| Aim of the exercise |
What are the lines, word for word, from the line with "Vintage Velvet Dark" up to and including the line with "Natural Coconut Oil" in the records below? Omit the pictures.

| Data extract |
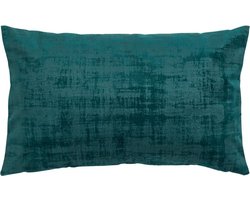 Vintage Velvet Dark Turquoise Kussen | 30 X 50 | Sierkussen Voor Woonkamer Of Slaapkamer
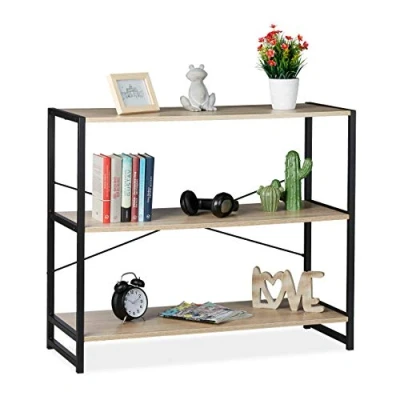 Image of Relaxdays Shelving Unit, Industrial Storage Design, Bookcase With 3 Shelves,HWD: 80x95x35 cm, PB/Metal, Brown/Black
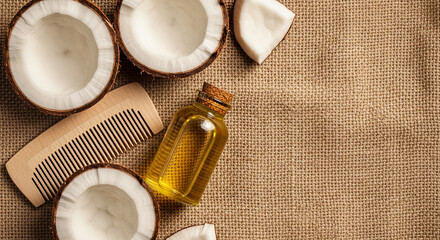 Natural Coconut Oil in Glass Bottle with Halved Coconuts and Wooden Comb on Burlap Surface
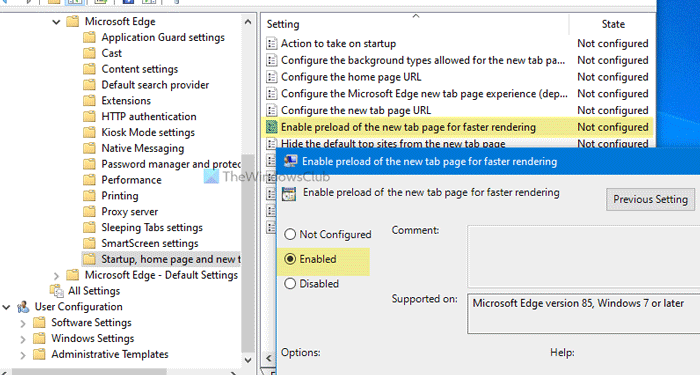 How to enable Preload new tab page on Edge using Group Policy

---

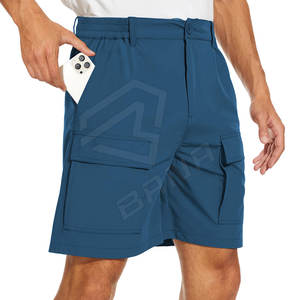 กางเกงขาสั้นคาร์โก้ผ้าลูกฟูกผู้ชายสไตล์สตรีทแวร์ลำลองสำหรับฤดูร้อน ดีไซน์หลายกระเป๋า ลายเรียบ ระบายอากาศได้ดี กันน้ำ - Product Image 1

| Response area |
 Vintage Velvet Dark Turquoise Kussen | 30 X 50 | Sierkussen Voor Woonkamer Of Slaapkamer
 Image of Relaxdays Shelving Unit, Industrial Storage Design, Bookcase With 3 Shelves,HWD: 80x95x35 cm, PB/Metal, Brown/Black
 Natural Coconut Oil in Glass Bottle with Halved Coconuts and Wooden Comb on Burlap Surface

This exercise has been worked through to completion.